The ancestor of the cartoon

‘The actors are treated like figurines which have to be worked on and manipulated. Bodies are materials to be shaped,’ analyses the researcher. Georges Méliès himself said as much: he did not choose actors for their ability to express emotions but indeed for their physical performances. And because when a job is worth doing it is better to do it yourself, he regularly played the leading role in his short films. He was the first to understand that the cinema actor has to develop a specific form of acting. ‘There is nothing worse than watching him [the spectator] and attending to him when one is acting, which is what inevitably happens the first few times for actors who are used to the stage and not the cinematograph,’ he stated, adding that the actor had to ‘gifted with agility, an acrobat, a sportsperson,’ rather than a thinker.

Nonetheless, despite all the incidents which they seem to go through, ‘these bodies do not at all have the appearance of suffering,’ points out Dick Tomasovic. ‘There is no psychology in these characters. We are really dealing with the same logic as that found in cartoons.’ A little like when Tweety Pie plays the worst tricks on Sylvester.

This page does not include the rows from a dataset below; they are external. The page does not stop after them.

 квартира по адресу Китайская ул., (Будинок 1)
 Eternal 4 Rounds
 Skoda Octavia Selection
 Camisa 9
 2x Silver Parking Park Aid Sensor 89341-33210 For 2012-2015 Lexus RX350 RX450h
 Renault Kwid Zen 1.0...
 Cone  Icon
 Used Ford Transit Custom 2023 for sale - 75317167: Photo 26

The latter explodes, burns, falls, smashes his head against tree trunks, takes blows from a baseball bat, etc. but always ends up picking himself up without ever grimacing in pain.

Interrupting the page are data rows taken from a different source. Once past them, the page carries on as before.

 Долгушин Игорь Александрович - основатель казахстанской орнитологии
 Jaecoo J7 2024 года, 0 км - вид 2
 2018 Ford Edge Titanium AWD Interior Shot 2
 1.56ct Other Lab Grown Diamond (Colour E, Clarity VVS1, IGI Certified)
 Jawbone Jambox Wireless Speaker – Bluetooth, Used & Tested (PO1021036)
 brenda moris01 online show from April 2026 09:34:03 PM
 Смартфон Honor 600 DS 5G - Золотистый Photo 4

This ‘cartoon aspect’ found in the work of Méliès leads Dick Tomasovic to say that the former was not only a magician of images, but also an ‘animator.’ ‘We find in him the premises of an aesthetic which we would discover later in animated cinema,’ he thinks. ‘The way he treats bodies, animating them by making them move also curiously resembles the technique of pixilation, which consists of ‘animating’ living bodies or objects in filming them image by image.’


The last of the conjurors

The director obviously does not forget his roots. The ‘fantastic’ figures which he makes use of on the screen are strongly inspired by his past as a conjuror. As when he exercised his talents on the boards of the Paris Robert-Houdin theatre, the optical illusions and doctored images are ever present. ‘He made films with doctored scenes, but he was to completely modify his relationship with magic. The nature of the illusion changes and is placed at the service of narration. Conjuring brings with it a problem of credibility. People ask themselves: how is it done? In his films, on the on the other hand, we no longer ask the question ‘how?’ but instead ‘why?’ It is always a question of dazzling, surprising and astounding the spectator, but by immersing him or her in a magical and marvellous story.’